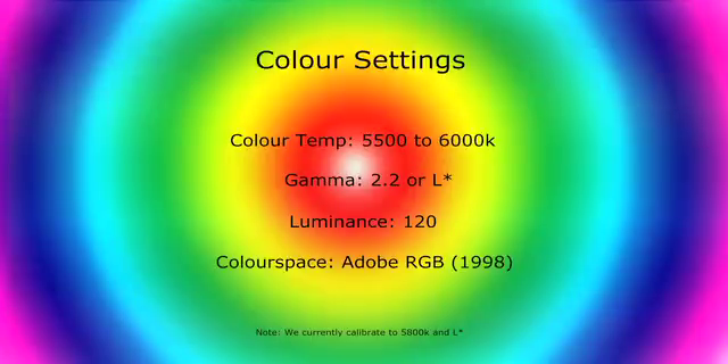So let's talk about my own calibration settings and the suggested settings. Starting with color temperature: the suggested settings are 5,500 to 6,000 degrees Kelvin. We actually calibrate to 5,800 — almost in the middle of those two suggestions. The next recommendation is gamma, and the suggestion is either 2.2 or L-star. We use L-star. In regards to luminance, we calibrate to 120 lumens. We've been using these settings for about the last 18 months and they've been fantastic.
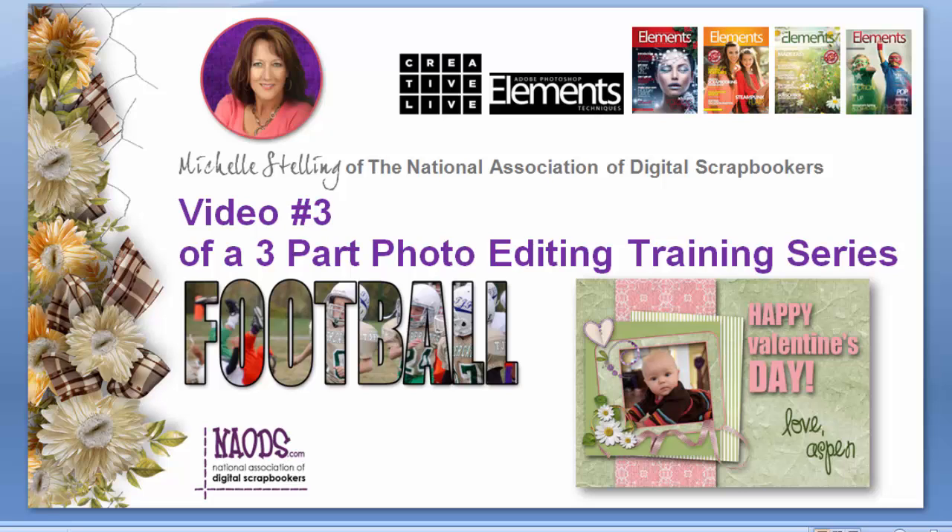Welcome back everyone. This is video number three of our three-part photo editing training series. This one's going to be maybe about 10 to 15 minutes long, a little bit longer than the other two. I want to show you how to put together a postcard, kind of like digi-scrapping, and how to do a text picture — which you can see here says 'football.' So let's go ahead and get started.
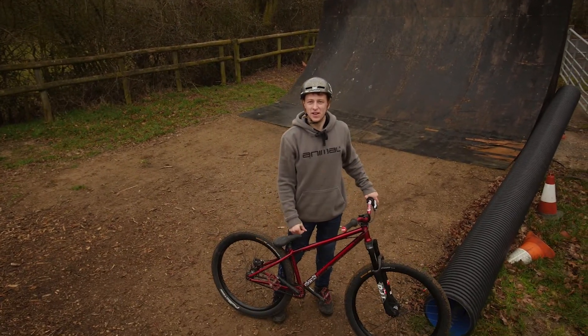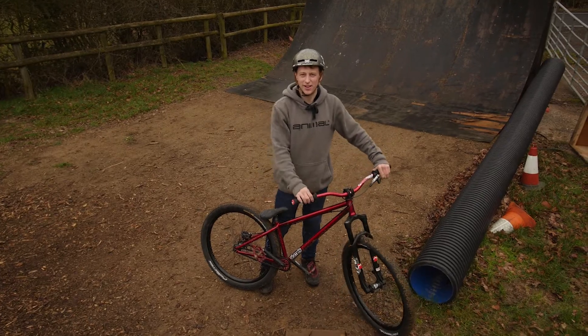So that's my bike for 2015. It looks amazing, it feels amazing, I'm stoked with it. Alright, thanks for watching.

...

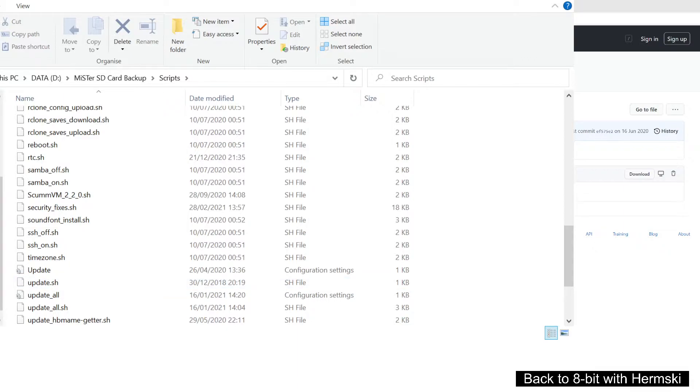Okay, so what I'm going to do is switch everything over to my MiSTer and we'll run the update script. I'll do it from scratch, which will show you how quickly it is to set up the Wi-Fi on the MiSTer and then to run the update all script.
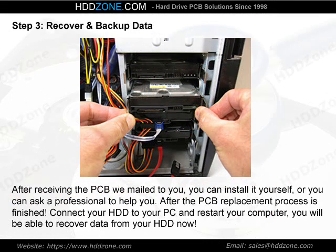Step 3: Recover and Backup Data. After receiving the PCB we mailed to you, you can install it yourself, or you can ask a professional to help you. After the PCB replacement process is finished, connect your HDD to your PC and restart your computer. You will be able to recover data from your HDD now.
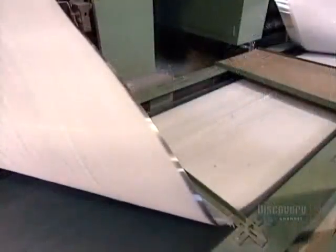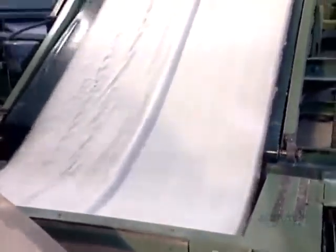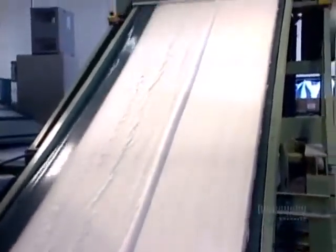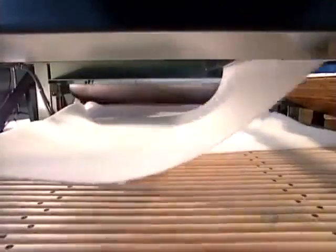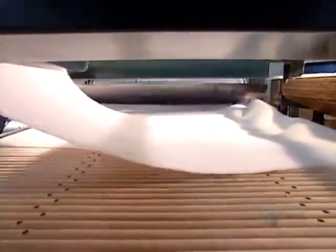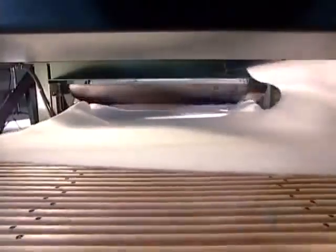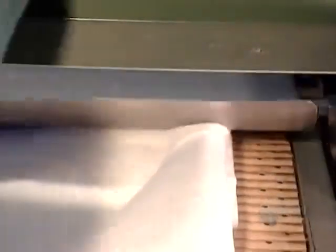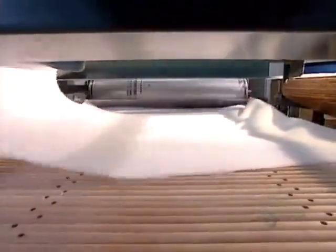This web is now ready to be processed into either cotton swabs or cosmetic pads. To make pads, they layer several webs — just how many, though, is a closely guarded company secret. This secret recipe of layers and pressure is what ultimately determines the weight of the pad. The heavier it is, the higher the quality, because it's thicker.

Work required: Would you copy out, exactly and with no pictures, only the lines above from the one that contains "Welcome back everyone." through the one that contains "So that's my"?

Exercise answer:
Welcome back everyone. This is video number three of our three-part photo editing training series. This one's going to be maybe about 10 to 15 minutes long, a little bit longer than the other two. I want to show you how to put together a postcard, kind of like digi-scrapping, and how to do a text picture — which you can see here says 'football.' So let's go ahead and get started.
So that's my bike for 2015. It looks amazing, it feels amazing, I'm stoked with it. Alright, thanks for watching.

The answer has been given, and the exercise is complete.